If you're me, you will faithfully record what you ate for two days, then you'll start forgetting to record anything.

Which means you ate nothing.

Just like when something doesn't have a price tag on it, it's free.

On the plus side, you're also supposed to record any exercise you did, and the app automatically knows how many calories are consumed by the exercise you chose, so it deducts it from the mountain of food that you ate.

I say this is good news, because I found that whenever I did any exercise at all, I was very happy to record it in the app. But since I wasn't recording any of the food I ate, many of my days showed a negative calorie count, and I reached my goal weight in minus-three days.

That is, at least according to the app.

So I gave up.

Obviously, the way these things work is that you're supposed to be accountable for what you eat, and I sure hope this craze passes quickly.

Except that the other day, Daughter Francesca told me that there's a new weight-loss app and it's called My Fitness Pal.

She told me to give it a whirl, so I went on, got the app, and determined that it works basically the same way as Lose It!, except it has one horrible innovation that I didn't know about it until I got an e-mail from Francesca that read:

MOM, AREN'T YOU GOING TO RECORD YOUR CALORIES TODAY?

I called her instantly, surprised. "How do you know I didn't record any calories?"

Francesca chuckled. "Because with this application, I can see the diet and exercise you record every day.

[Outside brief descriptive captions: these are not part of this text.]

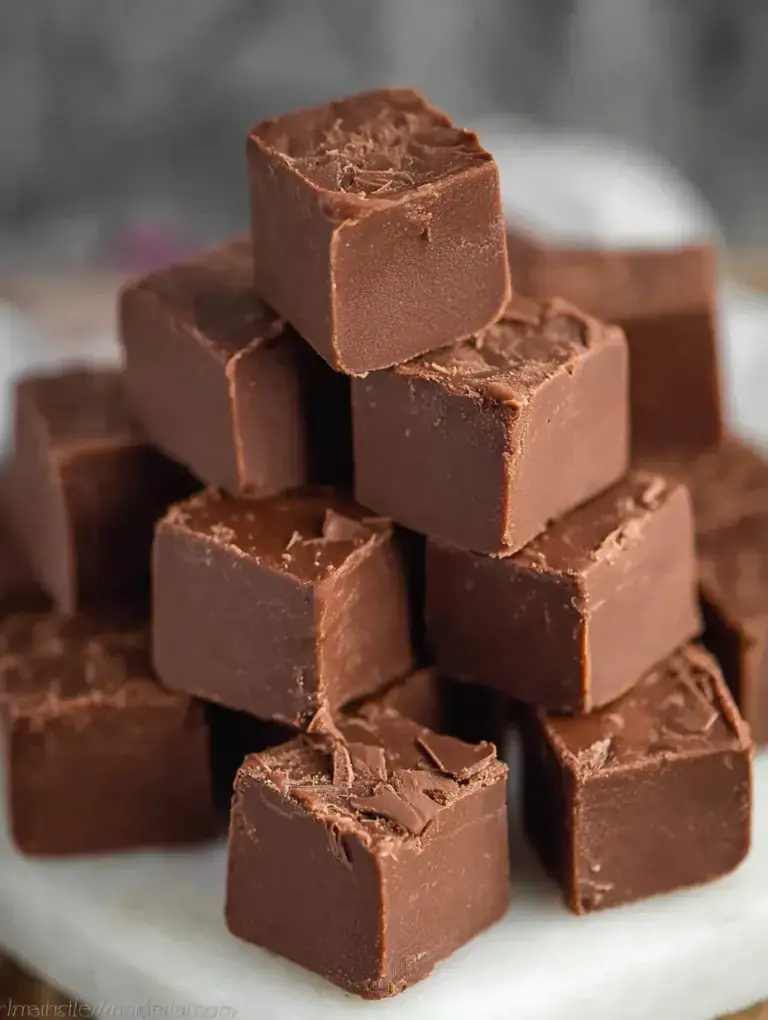 A close up shot of square pieces of Easy Chocolate Fudge stacked on a wooden board.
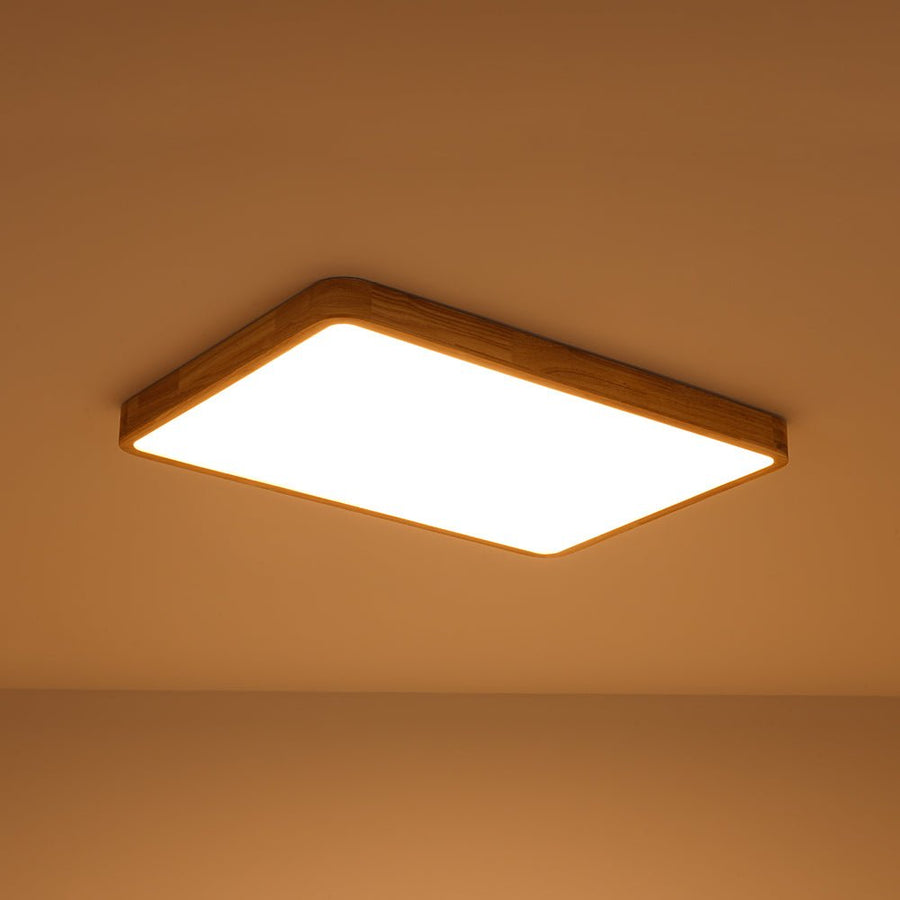 LightFixturesUSA - Rectangle Wooden Dimmable LED Flush Mount Ceiling Light - Ceiling Light - 3000K (Warm) - 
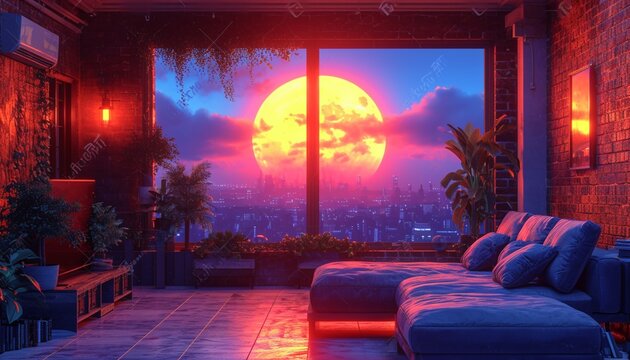 animated virtual backgrounds, stream overlay loop, interior, cozy futuristic living room at sunset, vtuber asset twitch zoom OBS screen, chill anime lo-fi hip, generative ai.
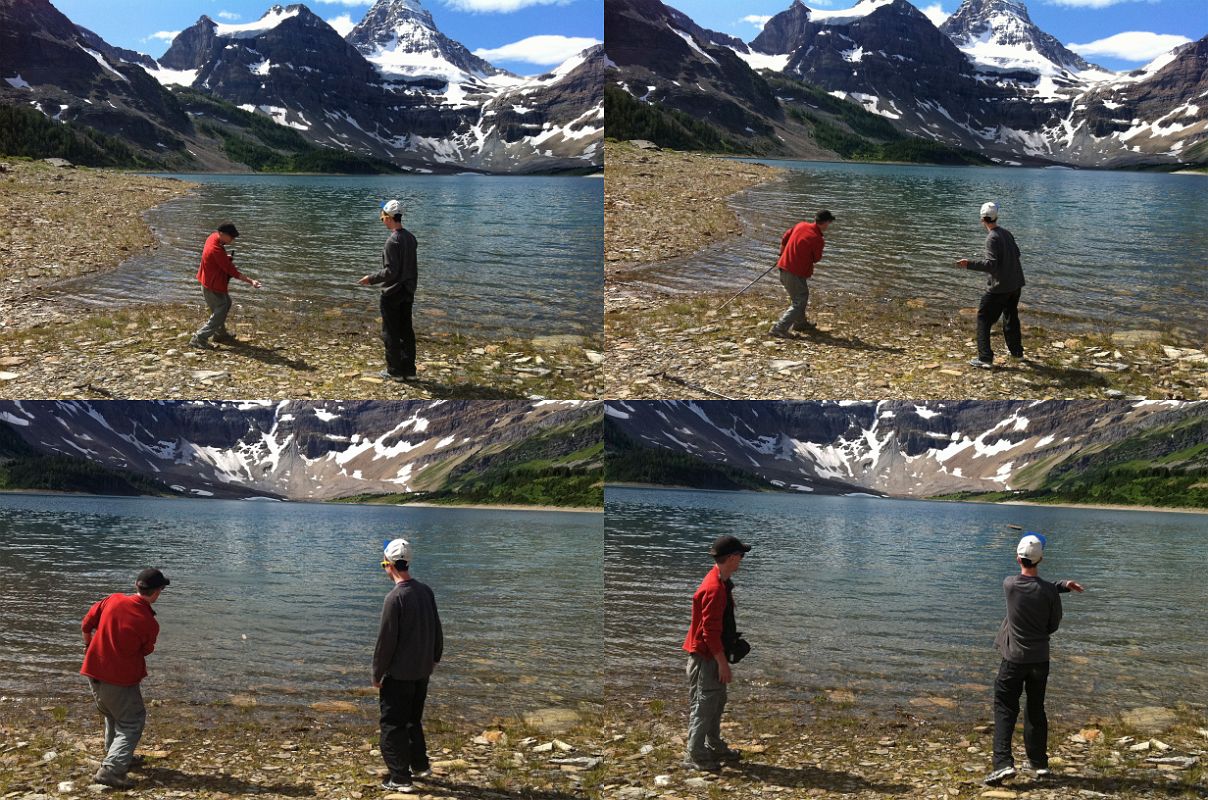 38 Jerome Ryan and Peter Ryan Skipping Rocks On Lake Magog With Mount Assiniboine Behind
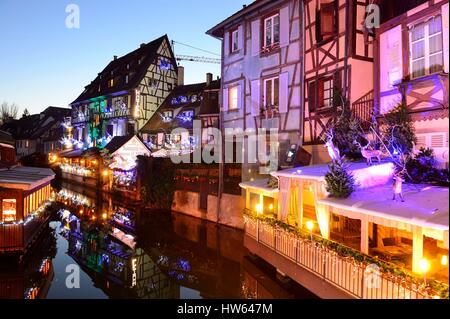 France, Haut Rhin, Alsace Wine Route, Colmar, Little Venice, the Lauch River, illuminations during the Christmas market in December Stock Photo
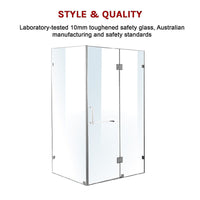 1200 x 800mm Frameless 10mm Glass Shower Screen By Della Francesca Kings Warehouse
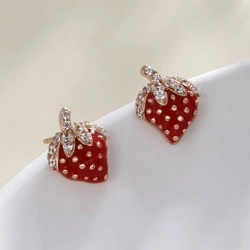Sweet strawberry stud earrings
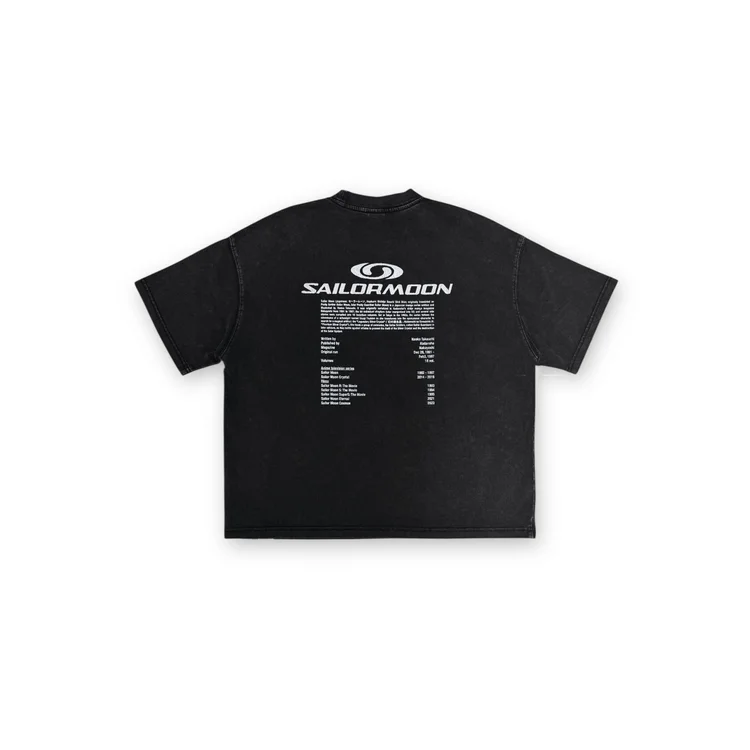 2nd Closet "Sailormoon" Washed Boxy T-shirt - BLACK | TE10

But you're not recording anything."

"What?" I asked, horrified. "You're inside my app?"

"Yes, when you signed on, you gave me access."

Big mistake, I thought, but didn't say.

"Mom, I gave you access and you can look inside my app, too. Whenever you want to, you can see what I'm eating."

I stopped doing that when you were three years old, was another thing I thought but didn't say.

Because my daughter is My Fitness Pal.

And there are now special bracelets, activity trackers, and a zillion new apps and gadgets that will keep track of our calories, exercise, and dirty thoughts.

I'm keeping mine to my chubby little self.